## EXERCISE DETAILS
If an entry below contains an image, drop the image and retype the rest exactly.

Caption-style text data:
# # # #
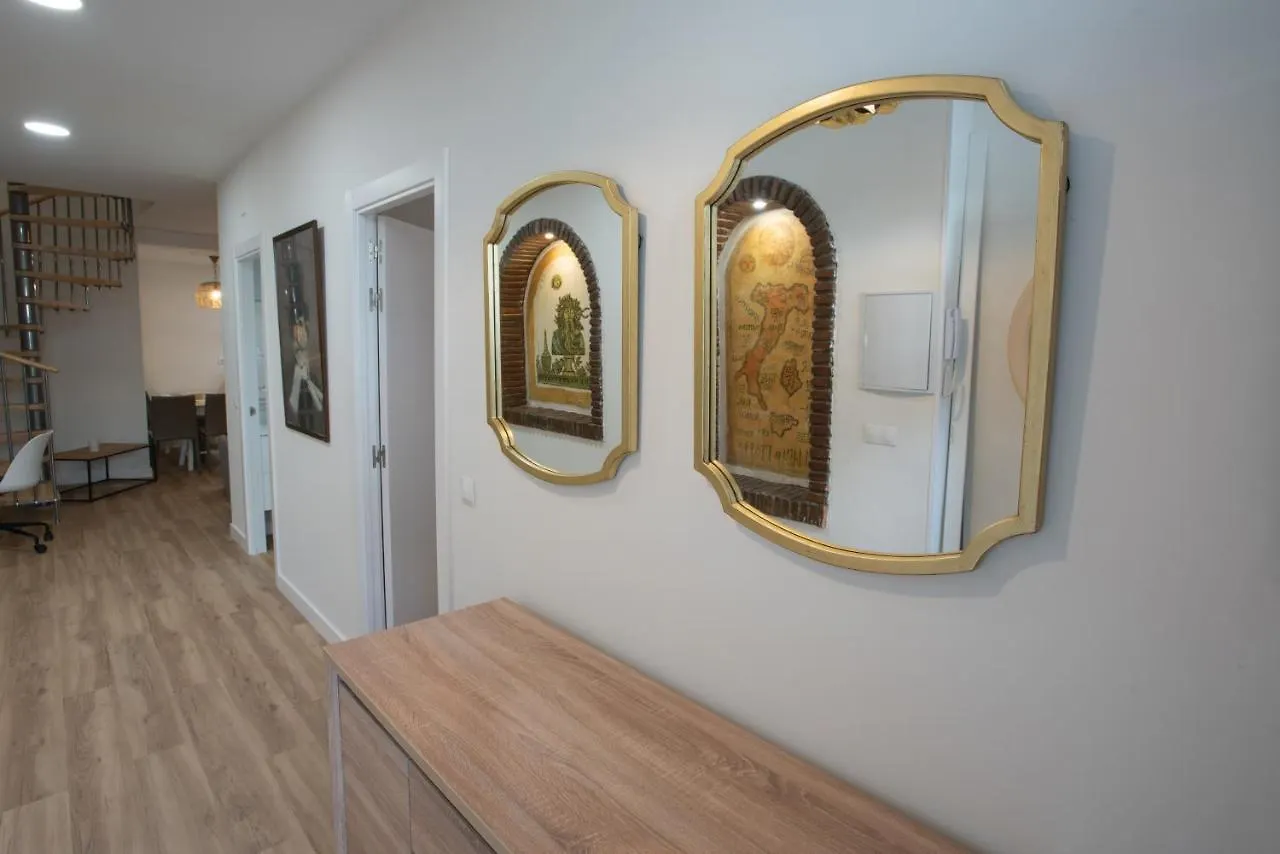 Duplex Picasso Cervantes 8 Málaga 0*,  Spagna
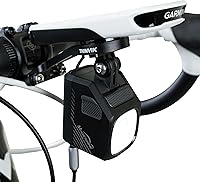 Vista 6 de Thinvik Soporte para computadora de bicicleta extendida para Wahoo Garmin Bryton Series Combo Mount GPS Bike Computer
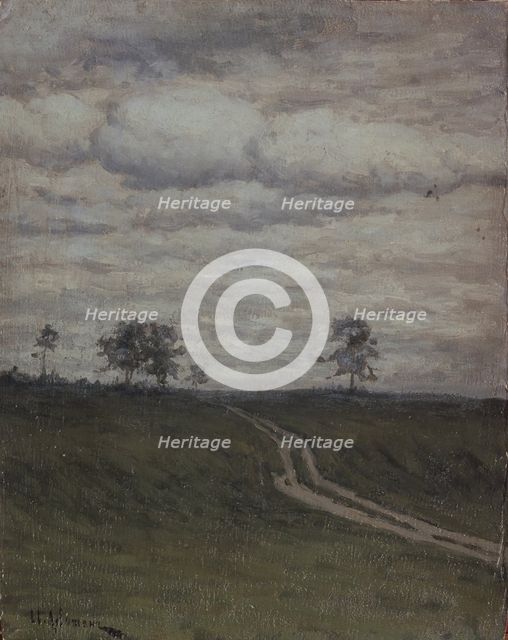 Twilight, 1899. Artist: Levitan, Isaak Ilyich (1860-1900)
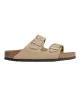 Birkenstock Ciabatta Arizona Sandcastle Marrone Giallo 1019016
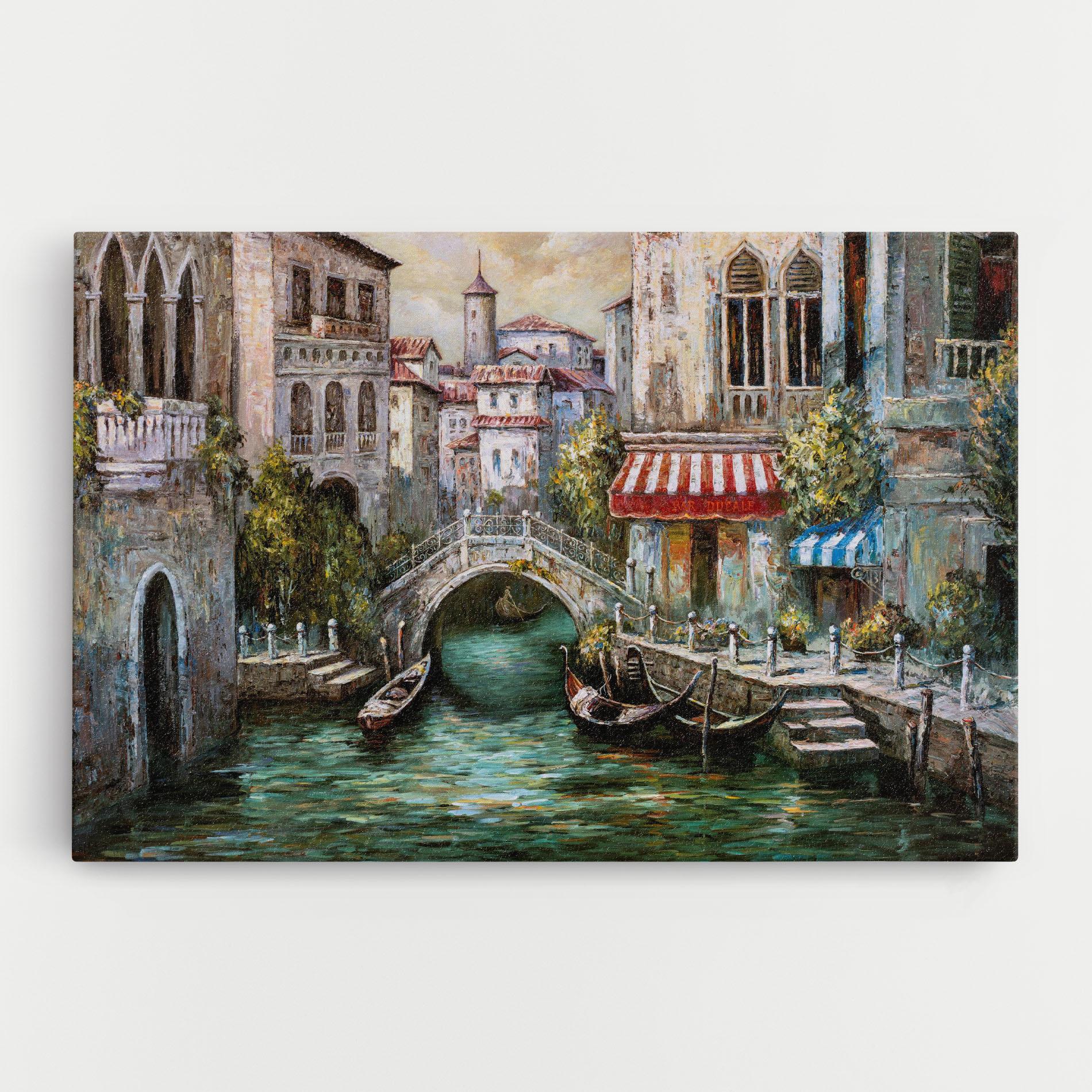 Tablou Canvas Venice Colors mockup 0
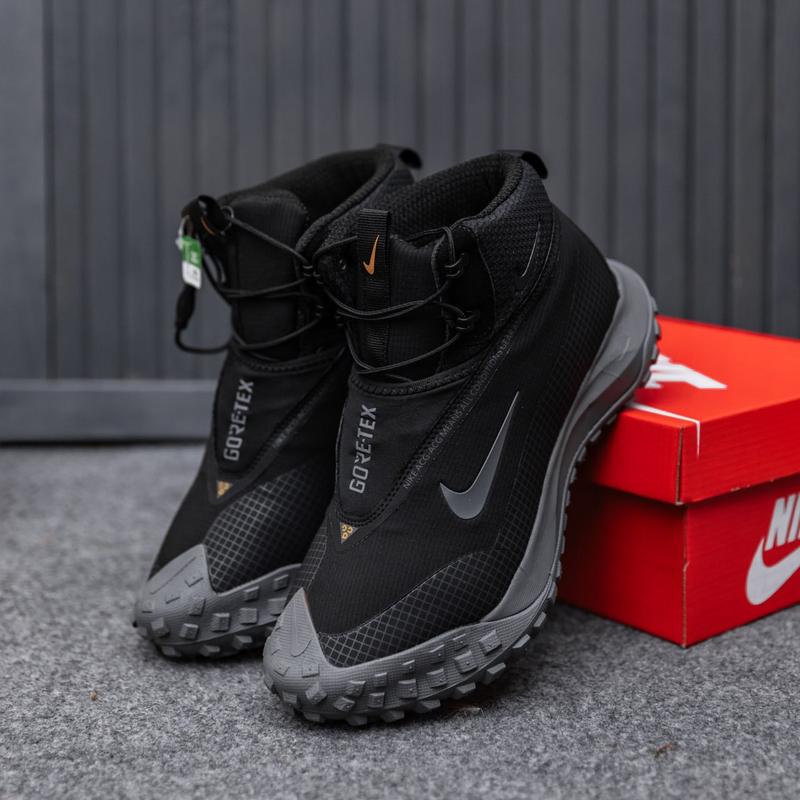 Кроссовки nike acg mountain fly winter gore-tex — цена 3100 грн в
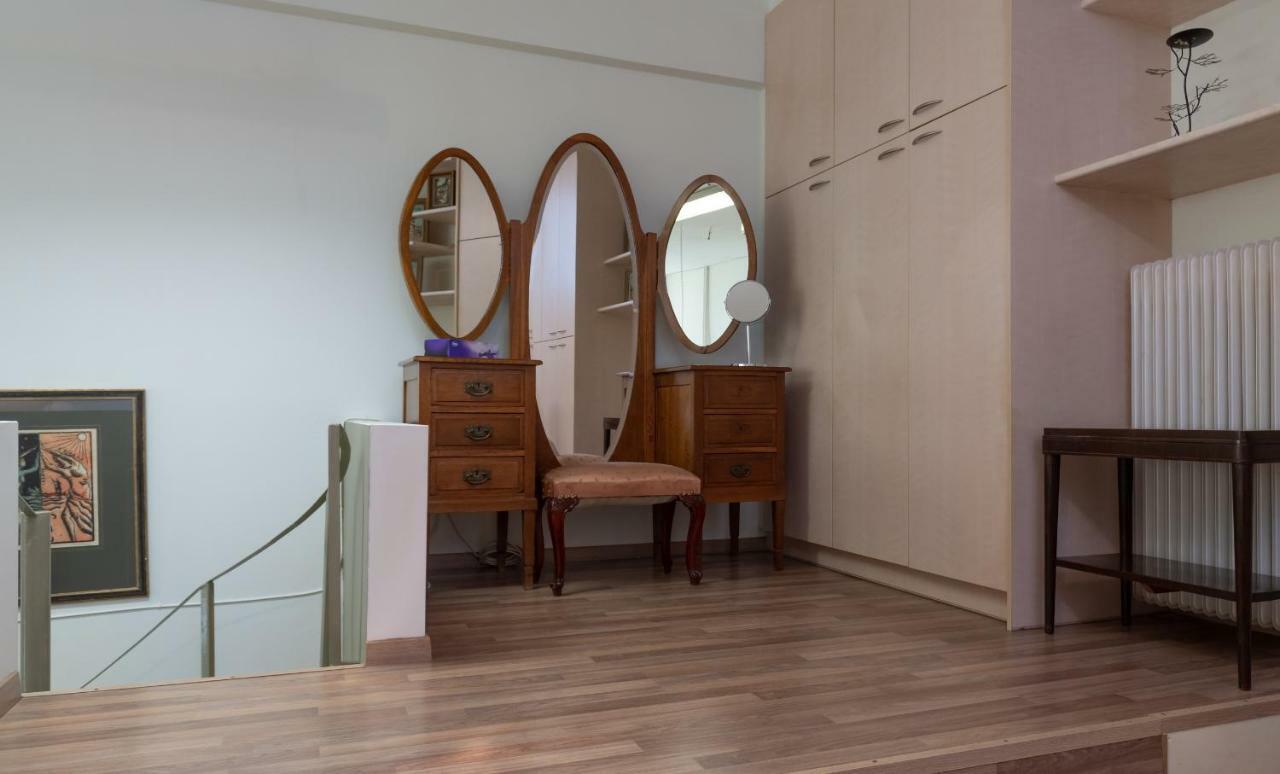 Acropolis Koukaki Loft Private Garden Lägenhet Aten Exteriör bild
# # # #
## ANSWER
 Duplex Picasso Cervantes 8 Málaga 0*,  Spagna
 Vista 6 de Thinvik Soporte para computadora de bicicleta extendida para Wahoo Garmin Bryton Series Combo Mount GPS Bike Computer
 Twilight, 1899. Artist: Levitan, Isaak Ilyich (1860-1900)
 Birkenstock Ciabatta Arizona Sandcastle Marrone Giallo 1019016
 Tablou Canvas Venice Colors mockup 0
 Кроссовки nike acg mountain fly winter gore-tex — цена 3100 грн в
 Acropolis Koukaki Loft Private Garden Lägenhet Aten Exteriör bild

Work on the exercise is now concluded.